Arrivée à la tête de la mission à un moment de fortes tensions sécuritaires et politiques, Bintou Keita laisse derrière elle un parcours mitigé en ce qui concerne la paix, la protection des civils et le soutien aux institutions congolaises.
Pourtant, dans un communiqué publié le lundi 1er décembre 2025, la Monusco salue un leadership « dévoué » et un professionnalisme jugé exemplaire, soulignant que sa vision a contribué à orienter de manière significative l’action de la mission. Quoique la population civile congolaise des zones occupées par les forces rwandaises et ses alliés du M23-AFC, ne retient nullement d’elle l’image « d’un leadership exemplaire. »
Toutefois, sous sa direction, la Monusco affirme avoir poursuivi son appui aux autorités nationales ainsi qu’aux acteurs régionaux et internationaux engagés dans la stabilisation du pays.

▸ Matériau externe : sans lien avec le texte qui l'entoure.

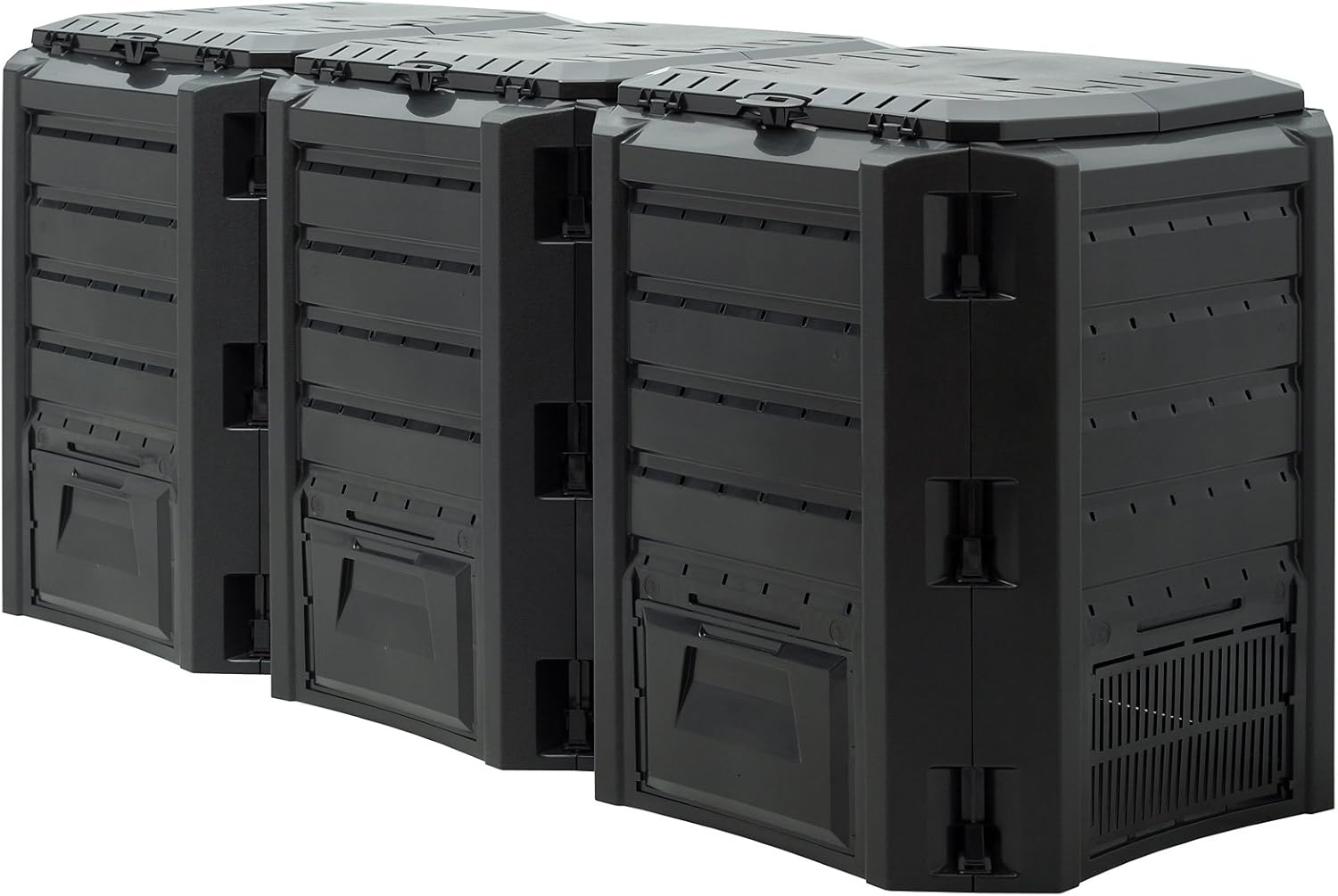 Deuba Black Garden Composter Size Choice 380L 800L 1200L 1600L Compost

L’institution onusienne exprime également sa « profonde gratitude » à la diplomate.
Pour éviter toute rupture dans la chaîne de commandement, la mission annonce la mise en place d’un dispositif intérimaire.
Du 1er au 28 décembre 2025, l’intérim est confié à Bruno Lemarquis, représentant spécial adjoint, coordonnateur résident et coordonnateur humanitaire.

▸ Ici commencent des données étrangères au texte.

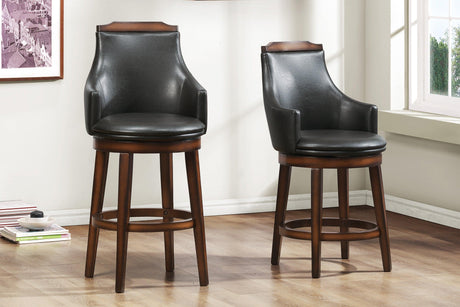 Bayshore Brown Swivel Pub Height Chair, Set of 2 by Homelegance at Eve Furniture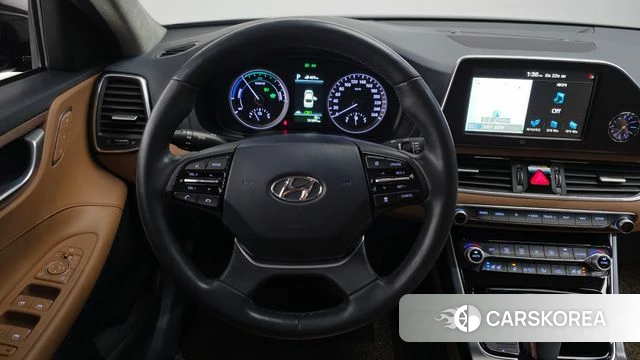 Hyundai Grandeur IG Hybrid 2018 Черный из Кореи, фото 4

Il assumera provisoirement la fonction de chef de mission et la responsabilité des questions de sécurité. À compter de la soirée du 28 décembre, la relève sera assurée par Vivian van de Perre, représentante spéciale adjointe chargée de la protection et des opérations.
La Monusco réitère enfin sa détermination à rester pleinement engagée aux côtés du peuple congolais et de ses institutions dans la mise en œuvre de son mandat, tout en remerciant les médias pour leur collaboration continue.